_Problem to solve_
Return only the lines of the data below from the line with "Progress Lighting Perimeter" up to and including the line with "Blush Pioen Bruiloft Achtergrond Wandkleed", exactly as written, with the pictures omitted.

_Records shown_

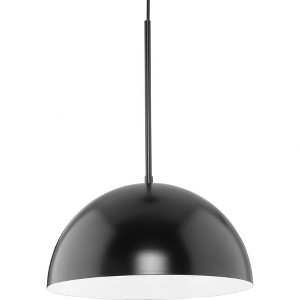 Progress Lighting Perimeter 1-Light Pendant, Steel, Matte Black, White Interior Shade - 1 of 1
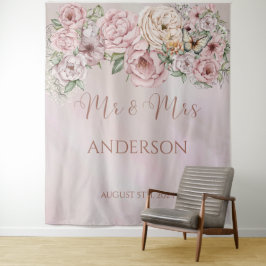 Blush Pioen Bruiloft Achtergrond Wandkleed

---

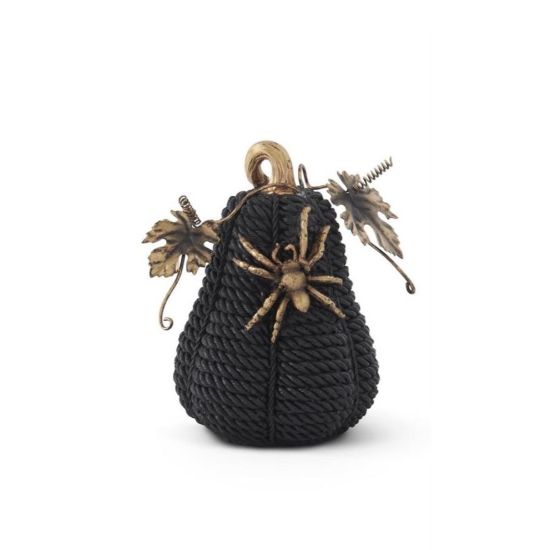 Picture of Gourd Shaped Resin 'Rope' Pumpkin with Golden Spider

_Response below_
 Progress Lighting Perimeter 1-Light Pendant, Steel, Matte Black, White Interior Shade - 1 of 1
 Blush Pioen Bruiloft Achtergrond Wandkleed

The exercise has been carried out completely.